Dogs that are decent fighters may survive several bouts before being mauled so badly they die or are killed. "The life expectancy of an inner-city pit bull is 18 months," says Hardiman. Dogs that won't fight or don't fight well are regarded as "not worthy," and they're shot, hanged or set loose.
Authorities sometimes take a dog away from its owner, but these can be tough cases. There are few witnesses, kids claim they don't know who owns a mauled dog, and there has been a pattern of pleading down cases to misdemeanors, experts say.
Kids can quit
Ultimately, the mind-set of young dogfighters must be changed, Hardiman says. Later this year, he'll take to Atlanta and Charlotte his Campaign to End Dogfighting, which rechannels kids and their dogs to more constructive agility and obedience competitions. He's bolstered by apparent successes that include Ford, who vows he'll never make a dog fight again, and George Brent, 18, who fought his dog Red for months, then hooked up with Hardiman's team. Red earned the American Kennel Club Canine Good Citizenship certification.

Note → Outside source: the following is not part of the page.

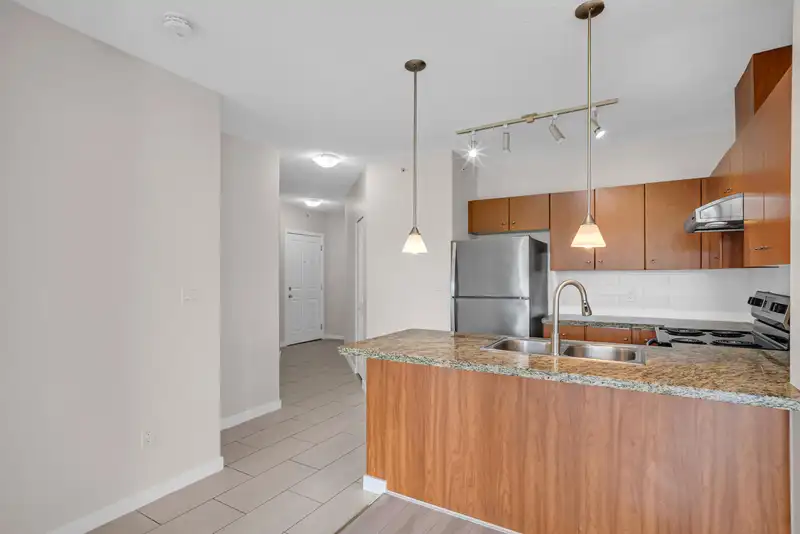 1104 511 ROCHESTER AVENUE - photo 2 of 26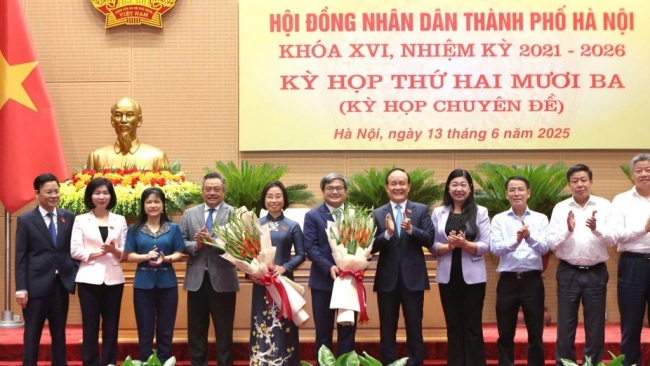 Bà Phạm Thị Thanh Mai và ông Trương Việt Dũng được bầu làm Phó Chủ tịch HĐND và UBND TP. Hà Nội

Tamaris Jones, 17, says he won't fight again. He and dog Trouble have spent months of Saturdays in Hardiman's program. "They explained to me that it wasn't right to fight him," Jones says. "I would be mad at (Trouble) when he lost, and I'd hug him when he won. Now he's not a fighter no more. I can hug him all the time."
The Humane Society of the United States also is working on other ways to de-romanticize dogfighting, including public service announcements from messengers these kids respect, people who speak their language and understand their lives. Music mogul Russell Simmons has signed on; other like-thinking rappers and sports figures are being contacted.
Grim plans a humane-education camp next summer that will address dogfighting; Rescue Ink is going into the schools this fall with the message; and Bathurst has joined Best Friends Animal Society to spread the anti-violence word in several cities.
"We're creating a movement around seeing these animals in a different way," Hardiman says.
While he insists "80% of inner-city youths love their dogs and don't fight them," he acknowledges that reversing the other 20% is tough. "I get a kid for a few hours, and the rest of the time he's living where he's living, and they're not reinforcing my message, they're doing what they do … fighting dogs."
But he knows some are strong enough to leave fighting forever. His evidence is Sean Moore, 37, who works with him to steer kids onto a different path. Moore was a revered dogfighter from age 13 to 18. Fifteen of his dogs died in fights or he killed them to end their agony after hideous injuries.
"I apologize every day for what I did back then," Moore says.
He left that life when he realized "I didn't want to be a killer no more. It was an ego trip. I sometimes made some money. But I'm just not a killer."